Rather than imposing a governance model, the emphasis is on practising in context - supporting people to develop their own capabilities, language, and confidence. Funders are not external to this: in Local Motion supported funders to show up differently in a collaborative space.

“Funders were learning too - they were invited into the uncertainty of emergent work, not just watching it from a distance.”

Kathleen’s background in coaching helps her bring emotional literacy and vulnerability into the work - naming what was difficult, modelling reflection, and supporting others to do the same.

What changed along the way

Kathleen began with clarity around her facilitation skillset and developed her coaching skills, but the depth of the work led her to re-evaluate what capability was really needed for deep, relational, systems collaboration. She came to see that many people hadn’t had a chance to practise systems focused facilitation in safe, supported environments - especially when it came to relational work around power.

“People think you have to be perfect to facilitate these things, so they don’t get the chance to practise new skills in a safe way.”

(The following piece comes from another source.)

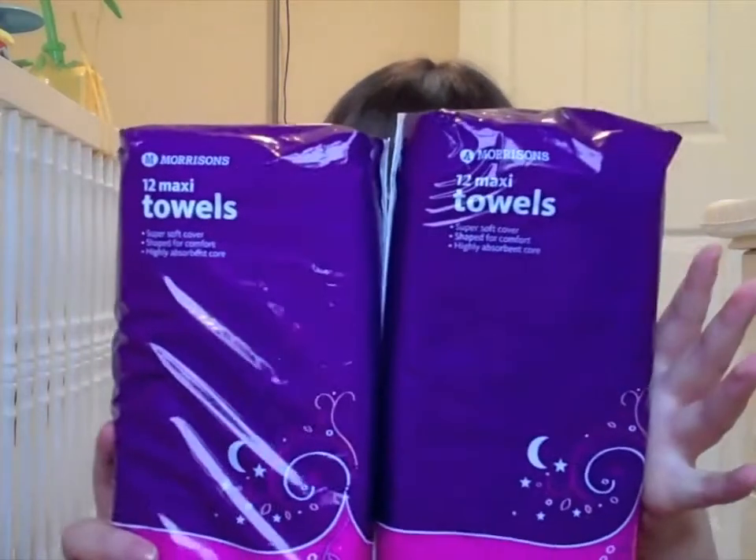I have two packs of maxi towels — they don't actually say 'maternity' on them but they are enormous and really thick, the nighttime super-heavy-flow ones. I also have two packs of disposable maternity briefs, because if I bleed a lot I can just take the whole lot off and throw it away rather than ruining underwear. I'm also taking a handful of old underwear just in case.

This insight pushed her to focus not just on the governance structures, but on the conditions for practice - what needed to be in place for people to grow into the work. That included patient timelines, peer spaces, bespoke support and back-end infrastructure that didn’t replicate top-down dynamics. She shared the analogy of a gentle slope into the sea - how if you go too fast it’s overwhelming, so you need just enough structure to balance safety with a sense of getting stuff done. Kathleen often found herself supporting people through personal and political shifts, not just project work - holding space for discomfort, uncertainty, and reimagining what was possible.

What was hard

  • Balancing three dimensions of the work - governance, deep conversation, and delivery - without any one dominating. Not trying to do everything at once, but juggling these step-by-step.
  • Making the relational labour visible and valued, both in communities and within the funding system.
  • Supporting others to create from ambiguity - often without clear templates or paths. This requires working on ourselves as well as working on our relationships with those we are creating change with and the wider systems that we operate within.

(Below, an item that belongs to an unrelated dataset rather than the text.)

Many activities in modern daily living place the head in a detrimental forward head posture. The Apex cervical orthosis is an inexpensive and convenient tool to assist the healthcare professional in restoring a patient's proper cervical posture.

Paying attention to power - This shows up in multiple, overlapping ways. It can be about traditional hierarchical power, but sometimes this is about who is the source of creative control and how that is clearly passed on e.g. from funders to places, from national to local. Other times,it is about how external power dynamics are reflected within the group or system you’re working with.

Insights and tips

  • Name and practise for conflict early. Conflict is normal, but it’s important to be prepared to hold it. People leaned into Co-Resolve Deep Democracy as an inclusive decision-making and conflict resolution process in Local Motion.
  • Hold space for capability-building. Learning how to keep learning (and unlearning!) is part of the work, and supporting local people to feel equipped to hold change processes themselves.
  • Invite funders into the uncertainty. Don’t treat them as external actors and value the work of bridge-building between worlds.

Keep the structure light but real. Enough to orient and protect - not enough to constrain. There is an art to discerning how ready people are for different interventions.

Looking ahead

Local Motion continues to evolve across its six sites. Kathleen’s role - and the wider learning academy - helped to plant seeds of capacity, care and curiosity in each place. The long-term question is not just whether governance can be reimagined, but whether the system can grow the kinds of people, networks and practices needed to sustain it into the future.

She sees the potential for this approach to ripple beyond Local Motion - but only if funders, institutions and communities are willing to do the powerful but slow, relational, sometimes painful work of changing how change happens.

“We need to give people just enough structure to take risks - and to know when to ask for help.”